WL – There’s a variety as you can imagine in terms of debt or equity and when you think about you might even have funds available from the business itself, savings or cash flow that the business generates itself. Or you might need to go borrow money either from a bank or other facilities that are out there and you can also get equity investors to help fund the business.
CL – And so of course you do need to think about how much funding you need and also what assets you currently have.
WL – Yes, absolutely and in terms of thinking about what you need, you have to think about forecasting out maybe twelve months, eighteen months, twenty-four months, so you can think about this investment and how much cash is it actually going to take because it might be more than just something upfront. You might need ongoing cash, so you need to think about that as in terms of the use and then where is that capital coming from. Like you said you might have I have capital in the business, but you might need to go outside to help fund that shortfall as you turn that investment into revenues down the road.
CL – So now let’s talk about evaluating term for debt and terms for equity.
WL – So when you think those terms for debt there’s a variety of parameters that you have to think about. The length of the debt, so it could be short-term and even long-term, one year, three year or five year. The interest rate of course, what’s the interest that you are going to have to pay? Do you have to have security? Are you pledging your own assets or the assets of the business? If it’s a bank debt, what are the covenants? What are the parameters that they’re going to require you meet? So you need to have excess cash flow to make sure that you’re always managing those covenants and making sure that you have the debt coverage ratios and things like that that you need in order to fulfill the banks need to get repaid in a timely matter.
“When you think about what you need for your investment, forecast out 12, 18, 24 months, so you’re able to see if it is more than just the upfront costs.”
CL – And what about in terms of equity?
WL – In equity it’s a whole different ballgame, so then you’re looking at what’s the price? Everybody thinks about price. How much am I giving up? How much of my company am I actually selling, because somebody else is now going to be an owner of my business, so they think about price, but there are other things are even more important like control. Do I give a board seat? Or are there other control provisions that this investor is going to prevent me from doing, when I want to expand in a certain way or higher certain n person? Are they going to say, “No you can’t do that. That’s part of the deal.” And that is something you have to think about.
CL – William, you also are talking about investor fit, whether it’s financial or strategic. So can you expand on that?
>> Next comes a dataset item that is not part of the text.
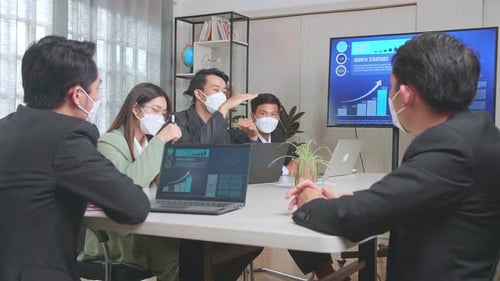 Business Meeting with Technology Presentation During Pandemic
WL – When somebody’s coming in, especially on the equity side, when somebody’s coming in as a financial investor, they’re looking to just to get their money out, with a return, in a certain time frame and so they have a formula and it’s going to be five years, I have to double my money or whatever it might be. As opposed to a strategic investor who will have a longer-term view of adding to your business and helping you with distribution or marketing, bringing their own skills to the table to add, so it’s a one plus one equals three situation. So it really makes a big difference whether or not you are getting a strategic investor or a financial investor.
“A strategic investor will have a longer-term view of adding to your business and helping you with distribution or marketing.”
CL – What are some of the most common mistakes people make when they’re going, you know, small business owners when they’re looking for outside investors?
WL – I think a few, one not being prepared and not understanding what all is involved in the process. And so lots of times people will get caught up in actually going out and finding the money and they don’t mind the store. So they spending so much time looking for money that the operations suffer.
CL – And how do you recommend William a small business owner managing that because the process of raising capital can be very time-consuming and they may not have a big team behind them?
WL – Absolutely, so using outside advisors, outside consultants to help you, coach you, help prepare the materials that are needed in terms of the financial projections and evaluating the terms that the investor or the bank is providing and even helping find those investors or finding the bank is something that is really helpful to an entrepreneur, an owner, founder because the team itself, you have been managing your team and your business at the same time. Now, as every entrepreneur knows it’s a 24-7 business anyway, so this is just more work for them to do, but if you can get the right outside help it makes it a lot easier.